Он стал задирать ей рубаху, пытаясь спустить шальвары. Девчонка завизжала, приседая и зажимаясь, Иван тоже завизжал, кинулся на торговца, ударил его что было сил в брюхо. Кругом смеялись.
Дядька схватил Ивана, оттащил в сторону. Обоих било дрожью.
– Убью его! – рвался Иван.
– Ты что, княжич! Ты с ума сошёл? Чем ты его убьёшь? Ты где находишься-то? Это рабынька его. Выкупать надо. Господи, где у меня кошель-то был? Сорвали, что ли, в свалке? Княжич, кошель-то я потерял!
Иванчик выхватил из-за пазухи кизичку – маленький кожаный мешочек, туто набитый серебром. Маменька на прощание дала.
– Беги скорей, дядька! Бери девчонку! Иль я ему глаза вырву!
– Яйца бы ему вырвать! – пробормотал Иван Михайлович, убегая с серебром.
Он привёл её с обрывком верёвки на вспухшем запястье, вспотевшую и тоже дрожащую. Её жёлтые в белую полоску шальвары были мокры до щиколоток. В руке она держала его пустой мешочек.

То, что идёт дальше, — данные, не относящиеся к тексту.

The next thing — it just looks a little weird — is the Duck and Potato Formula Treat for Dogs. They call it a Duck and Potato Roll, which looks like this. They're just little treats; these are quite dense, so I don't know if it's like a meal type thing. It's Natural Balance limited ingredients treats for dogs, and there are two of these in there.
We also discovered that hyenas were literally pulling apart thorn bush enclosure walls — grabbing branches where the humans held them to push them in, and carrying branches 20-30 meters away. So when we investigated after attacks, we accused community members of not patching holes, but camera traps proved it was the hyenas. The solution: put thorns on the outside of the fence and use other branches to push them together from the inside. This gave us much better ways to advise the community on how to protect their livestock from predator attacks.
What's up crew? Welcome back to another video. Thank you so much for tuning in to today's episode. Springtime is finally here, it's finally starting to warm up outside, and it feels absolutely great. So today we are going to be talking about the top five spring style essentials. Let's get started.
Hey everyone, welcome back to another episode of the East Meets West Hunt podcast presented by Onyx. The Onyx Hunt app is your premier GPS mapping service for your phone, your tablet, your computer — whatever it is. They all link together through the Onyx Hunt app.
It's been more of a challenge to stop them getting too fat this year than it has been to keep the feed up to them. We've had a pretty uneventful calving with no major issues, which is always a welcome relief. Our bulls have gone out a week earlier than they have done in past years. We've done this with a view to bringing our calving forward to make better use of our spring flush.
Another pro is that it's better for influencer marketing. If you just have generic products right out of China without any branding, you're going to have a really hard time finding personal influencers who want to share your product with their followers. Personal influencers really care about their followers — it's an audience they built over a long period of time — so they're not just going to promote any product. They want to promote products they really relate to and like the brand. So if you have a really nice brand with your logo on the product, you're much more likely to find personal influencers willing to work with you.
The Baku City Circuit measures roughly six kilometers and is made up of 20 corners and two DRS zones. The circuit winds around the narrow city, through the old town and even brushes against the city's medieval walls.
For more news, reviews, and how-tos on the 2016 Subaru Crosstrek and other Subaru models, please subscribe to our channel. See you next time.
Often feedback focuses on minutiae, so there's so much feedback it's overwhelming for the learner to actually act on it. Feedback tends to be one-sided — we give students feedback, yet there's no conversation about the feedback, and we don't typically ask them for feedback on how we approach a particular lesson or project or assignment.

– Обсикалась со страху, – прошептал дядька на ухо Ивану. – Не подавай виду. И мешочек не отымай, пусть успокоится. Это ей как игрушка. Пошли скорей отсюдова.
Кизичку было жалко, маменька вышила там шёлковой нитью зелёной «Ива». Ну, да ладно. Живой человек дороже.
– Тебя звать как? – спросил Иван Михайлович, пытаясь собрать её всклокоченные космы в пучок.
– Макрида, – всхлипнула девчонка.
– Мамка есть?
– Не знаю.
– А батька был?
– Не знаю ничего, меня купец кормил и везде трогал. А теперь ты будешь, да?
– Дура! – сказал побагровевший Иван Михайлович.
– Дядька! – закричал в это время счастливым голосом княжич. – Я твой кошель нашёл! Он у тебя на заду висит. Пояс-то съехал! Вот он!
На радостях, что нашлась пропажа, Иван Михайлович купил всем по лепёшке с поджаренным мясом у выхода с базара.
...Так они явились на своё подворье, с прибылью предстали пред очи великого князя.
– Вот сынок твой рабыньку русскую выкупил.
– Я сам сегодня на невольничьем рынке десятерых выкупил, – печально сказал Иван Данилович. – Завтра ещё пойду.
– Разголубчик мой милый, Иван Иванович, хорошо ты поступил, – одобрил княжича владыка. – Дай благословлю тебя, милостивец. Приобретай добродетель, пока есть время.
– Да их тамочки на рынке не сосчитаешь сколь! – небрежно сказал Семён. – Рази всех выкупишь!
– Если хоть одна овца потерялась из стада, не идёшь ли искать её? – кротко молвил Феогност.
Отец молча обнял младшего сына.
– Батюшка, а при церквах армянских дети книжки переписывают, – сообщил Иванчик.
– Ну-к что ж, и у нас при монастырях писцы, а у них ученики – ребята, парубки. Одни переписывают, другие заставки цветом рисуют,. ученики же пергамент линуют, чернила и краски разводят и песком посыпают написанное, чтобы скорее просохло. И у нас этакое в заводе. Не всё сразу разжуёшь, но постепенно, узнаешь. Вырастишь – я тебе дьяка определю. Вон хоть Нестерку.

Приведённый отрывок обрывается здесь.